- About this task
Quote the whole listing exactly. Leave the pictures out of your copy.

- Provided data

--------

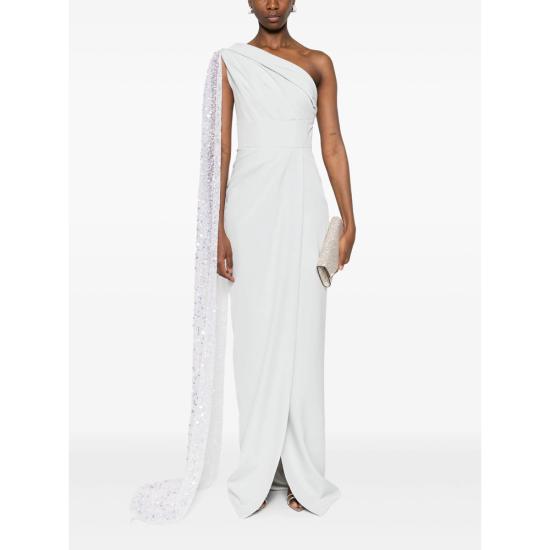 25SS 레아코스타 롱 원피스 25058D SILVE GREY - RHEA COSTA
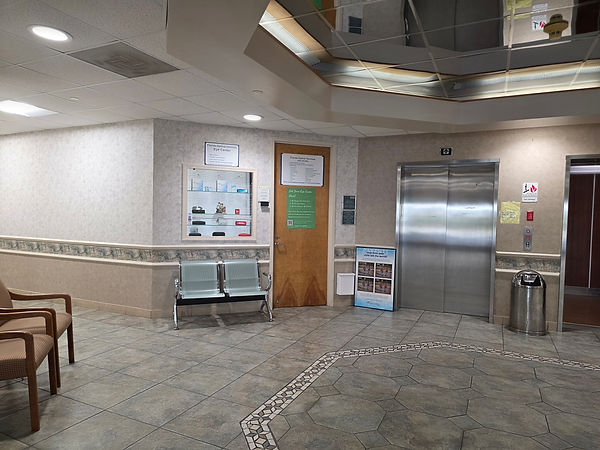 We are in the first Floor of our building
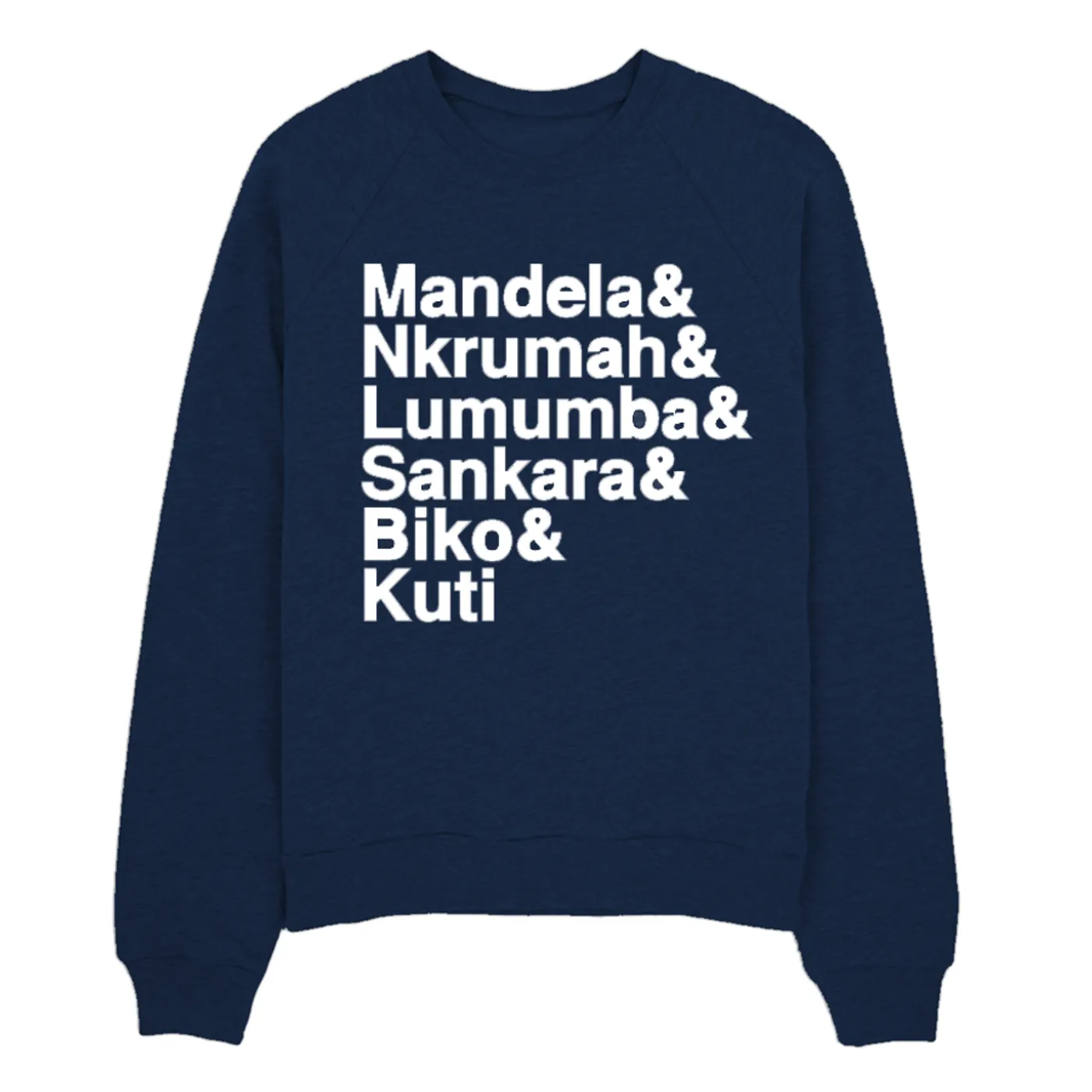 Okayafrica Leaders Crewneck Sweatshirt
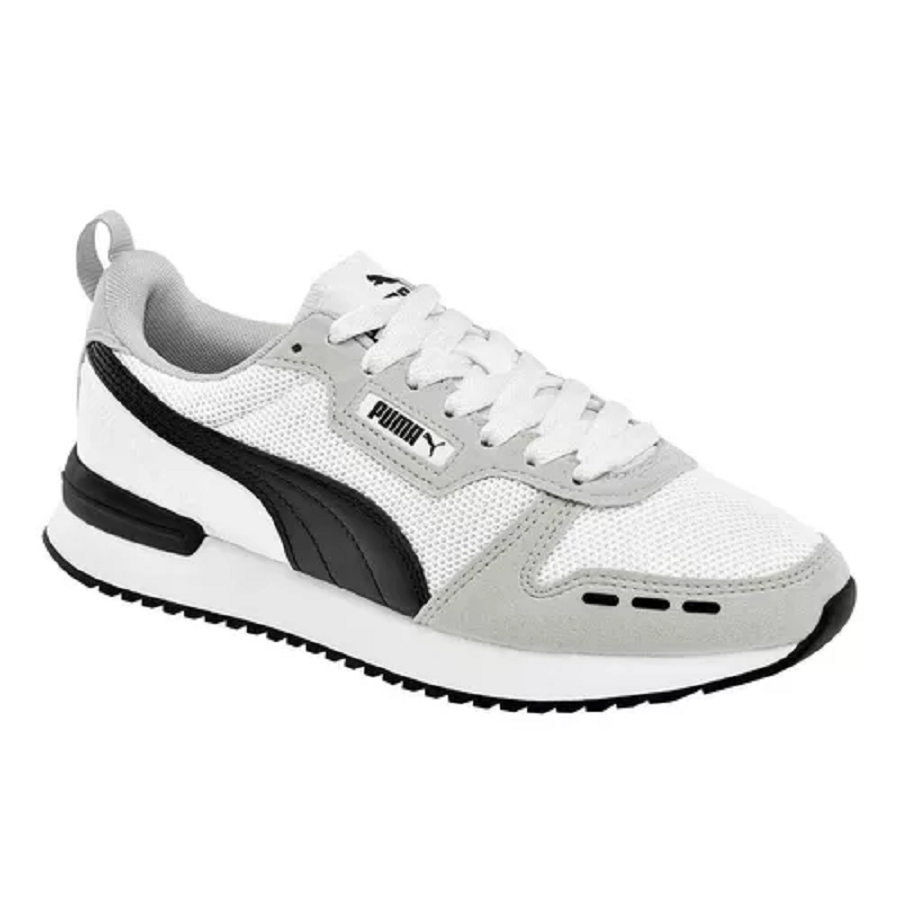 Giày Puma R78 'White Grey Violet' 373117-02 - Ảnh 4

--------

- Solution for this task
 25SS 레아코스타 롱 원피스 25058D SILVE GREY - RHEA COSTA
 We are in the first Floor of our building
 Okayafrica Leaders Crewneck Sweatshirt
 Giày Puma R78 'White Grey Violet' 373117-02 - Ảnh 4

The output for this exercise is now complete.